■ ABOUT THIS EXERCISE:
Keep every word of the listing and reproduce it exactly, but set aside any image found there.

****************

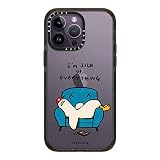 CASETiFY インパクト iPhone 14 Pro Max ケース [MIL規格準拠 (4x MIL-STD-810G)/2.5mからの落下試験をクリア] - I'm sick of everything by ssebong - グロッシー ブラック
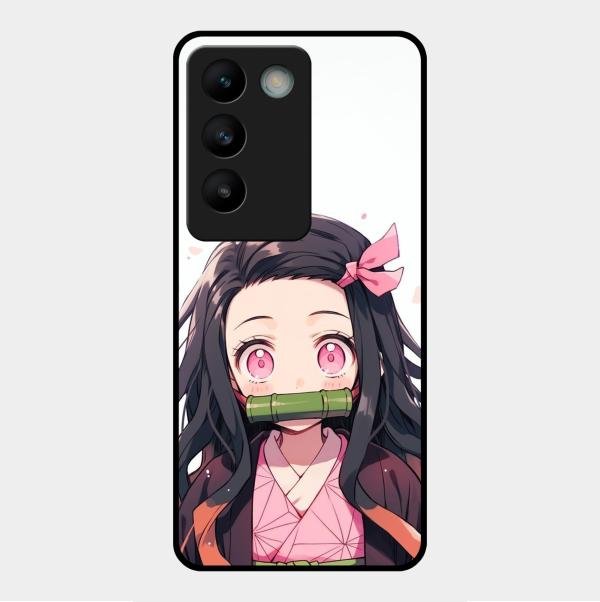 Demon Princess Glass Case Cover For Vivo Y200E 5G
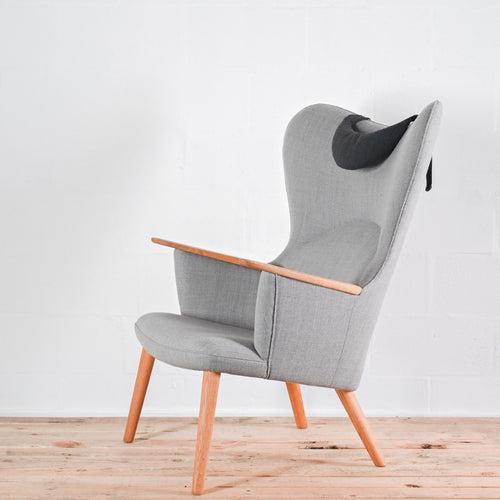 Carl Hansen CH78 Mama Bear Lounge Chair - Fiord Fabric | Re-Lived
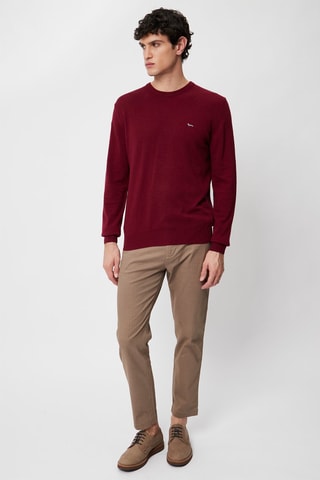 Pantalón chino slim fit 7/8 - Beige - Harmont & Blaine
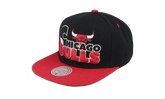 NBA Text Stack 1 Snapback Cap "Chicago Bulls - Black" HS8542 CBUBLCK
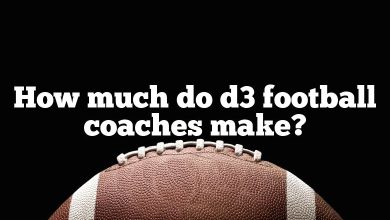 How much do d3 football coaches make?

****************

■ SOLUTION:
 CASETiFY インパクト iPhone 14 Pro Max ケース [MIL規格準拠 (4x MIL-STD-810G)/2.5mからの落下試験をクリア] - I'm sick of everything by ssebong - グロッシー ブラック
 Demon Princess Glass Case Cover For Vivo Y200E 5G
 Carl Hansen CH78 Mama Bear Lounge Chair - Fiord Fabric | Re-Lived
 Pantalón chino slim fit 7/8 - Beige - Harmont & Blaine
 NBA Text Stack 1 Snapback Cap "Chicago Bulls - Black" HS8542 CBUBLCK
 How much do d3 football coaches make?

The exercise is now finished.